Administrative Vice Defense Minister Tetsuro Kuroe is believed to have also attended the meeting, although has refuted being there, stating he has no recollection of it taking place. He has also stated that he believes Inada had not approved any form of cover-up conspiracy.

Inada was slammed by the main opposition Democratic Party just days prior to the alleged cover-up meetings, with her resignation being demanded for possibly diluting the severity of the security situation in the South Sudan, and in doing so, allowing Japan's GSDF troops to not be withdrawn.

Democratic Party lawmaker Yuichi Goto lambasted the government for attempting to hide the real situation in South Sudan and accused Inada of not using the term "fighting" as that would have required Japanese troops deployed to the area on UN peacekeeping missions to be withdrawn.

According to Japan's pacifist, war-renouncing Constitution and in line with rules governing Japan's GSDF's role in UN peacekeeping missions, troops must be withdrawn from conflict zones if exchanges specifically described as "fighting" occur.

The daily activity logs of the GSDF troops, that were previously deemed "lost," stated that troops in South Sudan should be careful of being drawn into "sudden fighting" in the city of Juba.

The logs were retrieved, however, from July last year when the security situation deteriorated in South Sudan, yet the situation was described then by the government not as "fighting" but as "armed clashes."

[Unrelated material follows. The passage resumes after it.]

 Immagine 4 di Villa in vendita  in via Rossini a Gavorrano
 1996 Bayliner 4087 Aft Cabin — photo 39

Inada and the Defense Ministry have been accused of trying to intentionally conceal the potentially damaging records of the troop's activities during a time when 270 people died in fighting between government forces and rebels in Juba on July 7-12, 2016.

In the recovered logs, the troops said they must be "careful about getting drawn into sudden fighting in the city." The record also refers to the possible "suspension of UN activities amid intensifying clashes in Juba."

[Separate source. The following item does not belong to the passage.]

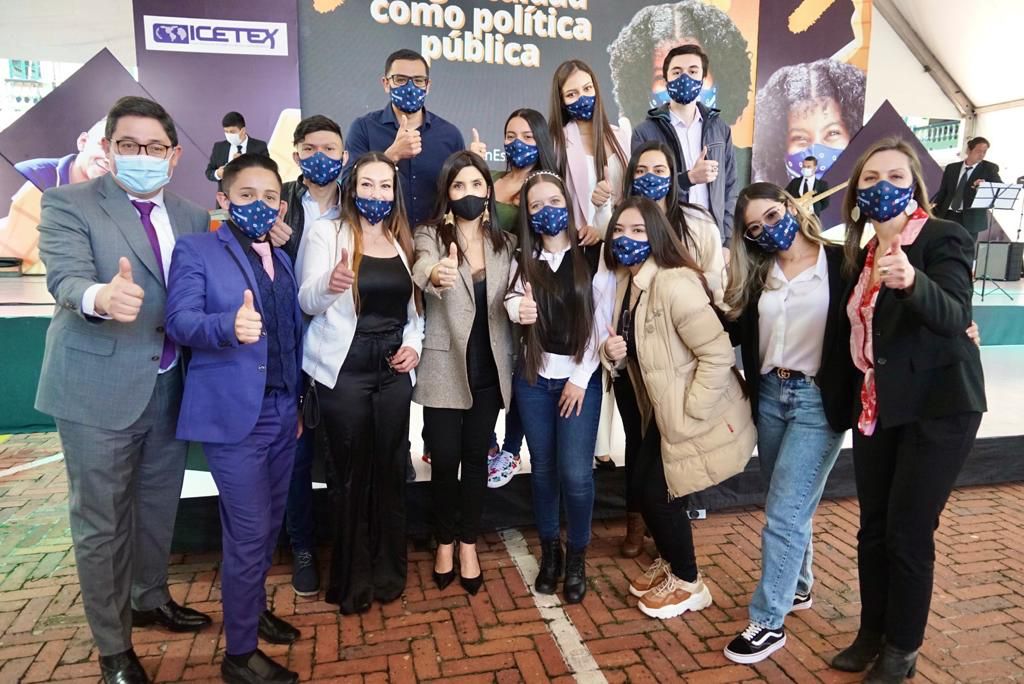 Mineducacion's tweet photo. #Comunicado | El Gobierno del Presidente Iván Duque fortalece a la Educación Superior con más beneficios para el acceso y la permanencia >> https://t.co/Jy56AYUBnR https://t.co/qqdVV0gEa1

Inada, a lawyer-turned-politician, according to claims by opposition party members who are again calling for her resignation and for Abe to also bear the responsibility for appointing her to the position in the first place, was seeking to conceal the logs so that the GSDF troops could remain in South Sudan, despite the deteriorating situation there and potentially imminent physical danger to the GSDF troops and in contravention to Japan's war-renouncing Constitution.

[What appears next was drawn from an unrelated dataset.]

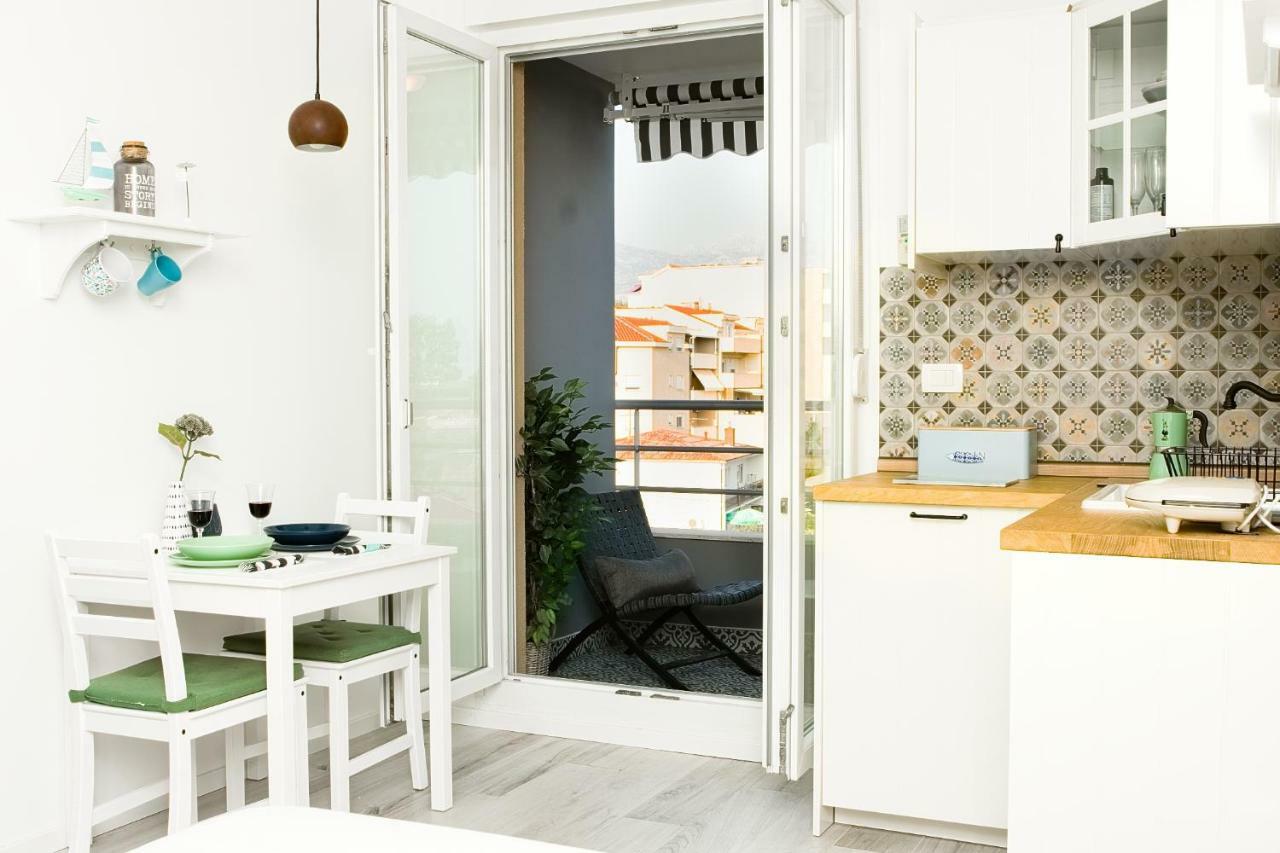 Seaside - Balcony, Sea View, Free Garage Apartment Split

The latest scandal involving Inada will deal a massive blow to the administration of Prime Minister Shinzo Abe who has recently seen the support rate for his Cabinet plummet to its lowest level since he took office in 2012.

Numerous media polls have revealed that the Japanese public's mistrust in the prime minister himself is rising for failing to properly account for himself in matters regarding an influence-peddling scandal that alleges Abe showed favoritism to a personal friend in the the government's selection of a new school to be opened in a special deregulated zone in Japan.

While it's likely Abe will make sweeping changes to his Cabinet lineup next month in an attempt to win back some public faith, and despite the fact that he has said he wants to keep Inada on, the defense minister's scandals and gaffes are stacking up.

Inada has been implicated in a wide-reaching governmental scandal involving her association with nationalist school operator Moritomo Gakuen, the alleged GSDF South Sudan log cover-up and, more recently, for remarks she made during campaigning for the Tokyo Metropolitan Assembly which violated Japan's Self-Defense Forces law.

With the future course of the prime minister and the ruling Liberal Democratic Party now looking a lot less certain than a few months ago, as public disapproval mounts and dissension within the party's different factions grow, Inada and Abe may be called to account for themselves in parliament, Kazunori Yamanoi, a Diet affairs chief of the main opposition Democratic Party said.

Meanwhile, as Inada may be serving out her final days as defense minister, the Inspector General's Office of Legal Compliance under the auspices of the Defense Ministry is now investigating whether Inada and the ministry did indeed deliberately try to conceal the controversial GSDF logs.